Supplied entries:
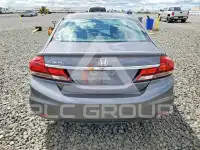 2014 Honda CIVIC photo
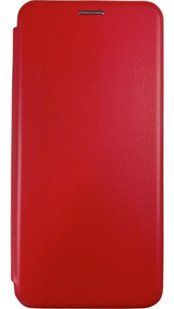 Чохол книжка Elegant book на iPhone XR / червоний 093199 фото
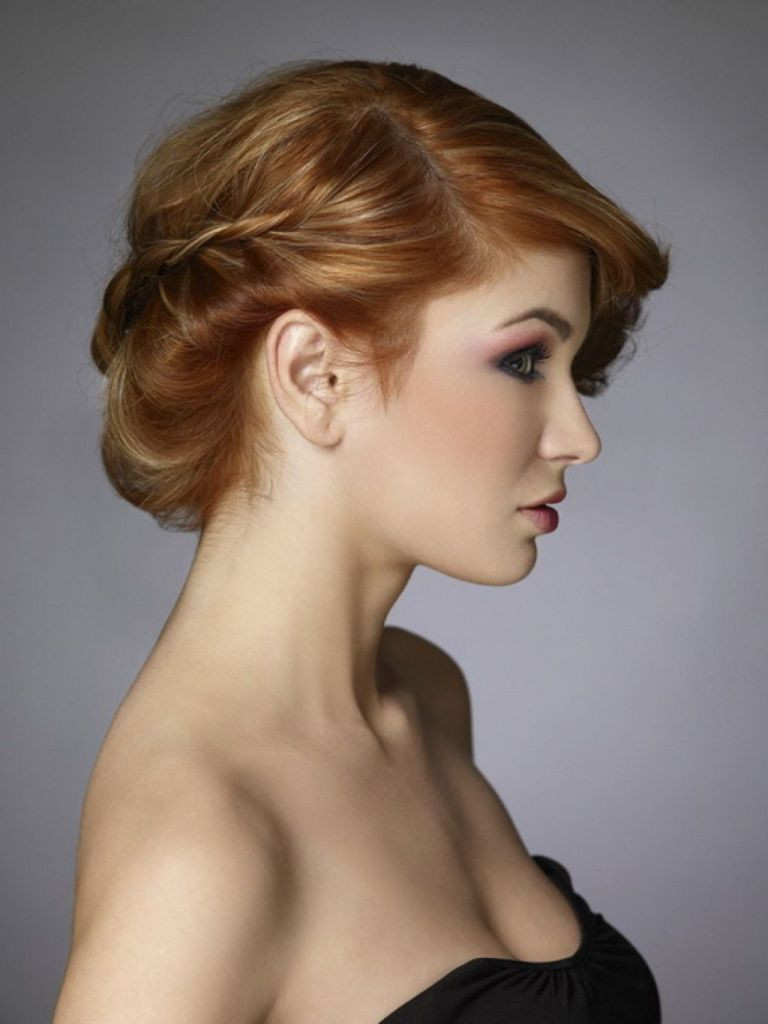 Simple Hairstyles For Wedding
 Most Outstanding Simple Wedding Hairstyles – The WoW Style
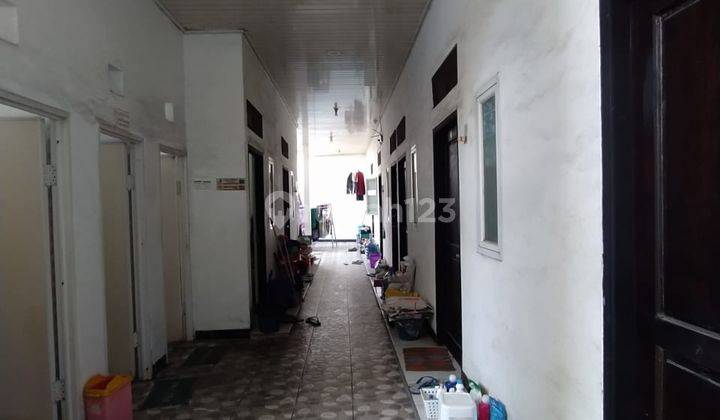 Dijual Rumah Kost 20 Kamar + Usaha di Tegal Alur Jakarta Barat, Da 2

Problem:
Give back the data exactly, with no images.

Task response:
 2014 Honda CIVIC photo
 Чохол книжка Elegant book на iPhone XR / червоний 093199 фото
 Simple Hairstyles For Wedding
 Most Outstanding Simple Wedding Hairstyles – The WoW Style
 Dijual Rumah Kost 20 Kamar + Usaha di Tegal Alur Jakarta Barat, Da 2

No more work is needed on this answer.